**DIRECTIONS FOR THIS TASK**
Will you write out the data exactly, excluding every picture?

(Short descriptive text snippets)
"""

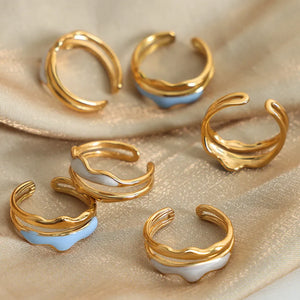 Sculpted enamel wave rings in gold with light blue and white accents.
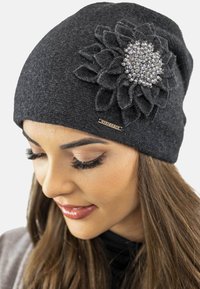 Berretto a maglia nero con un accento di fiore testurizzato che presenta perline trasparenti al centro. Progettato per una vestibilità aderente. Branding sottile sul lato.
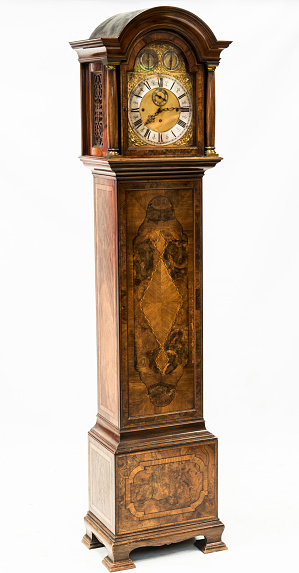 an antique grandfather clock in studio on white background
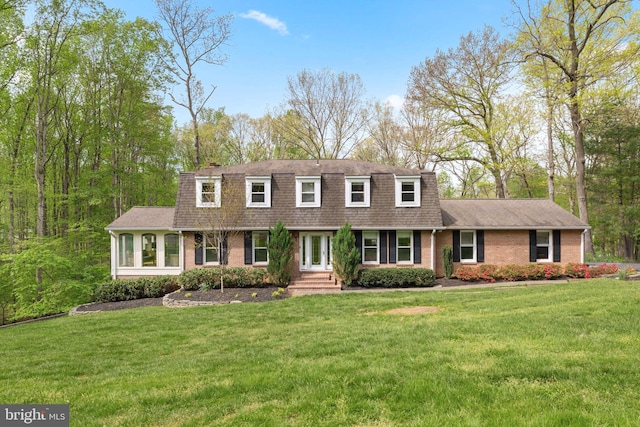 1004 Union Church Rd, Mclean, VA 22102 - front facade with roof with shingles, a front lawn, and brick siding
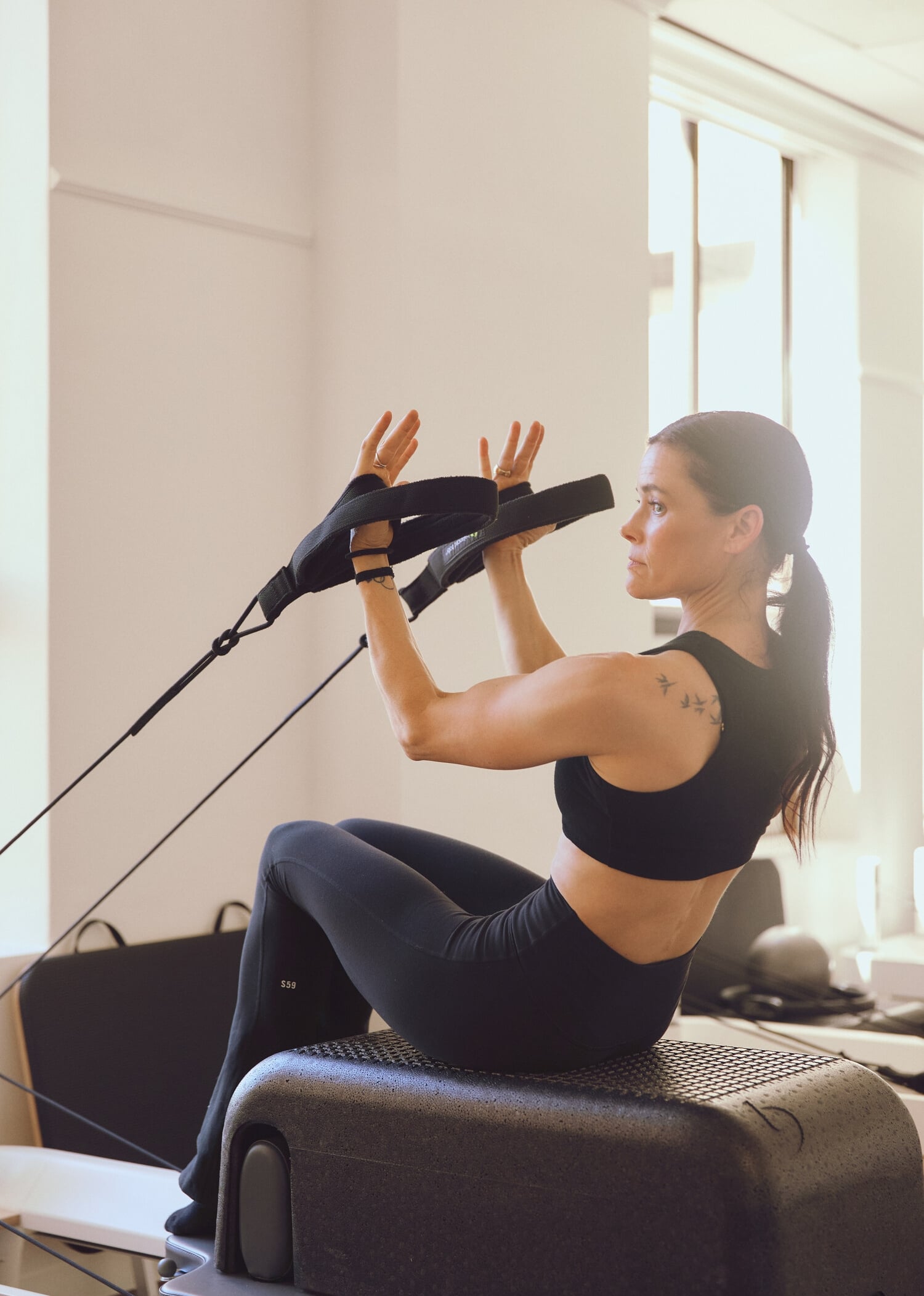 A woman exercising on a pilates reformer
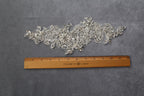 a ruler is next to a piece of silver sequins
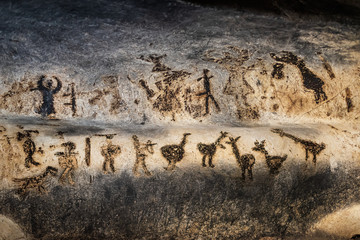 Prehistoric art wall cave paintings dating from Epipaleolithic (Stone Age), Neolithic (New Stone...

"""

**TASK RESULT**
 Sculpted enamel wave rings in gold with light blue and white accents.
 Berretto a maglia nero con un accento di fiore testurizzato che presenta perline trasparenti al centro. Progettato per una vestibilità aderente. Branding sottile sul lato.
 an antique grandfather clock in studio on white background
 1004 Union Church Rd, Mclean, VA 22102 - front facade with roof with shingles, a front lawn, and brick siding
 A woman exercising on a pilates reformer
 a ruler is next to a piece of silver sequins
 Prehistoric art wall cave paintings dating from Epipaleolithic (Stone Age), Neolithic (New Stone...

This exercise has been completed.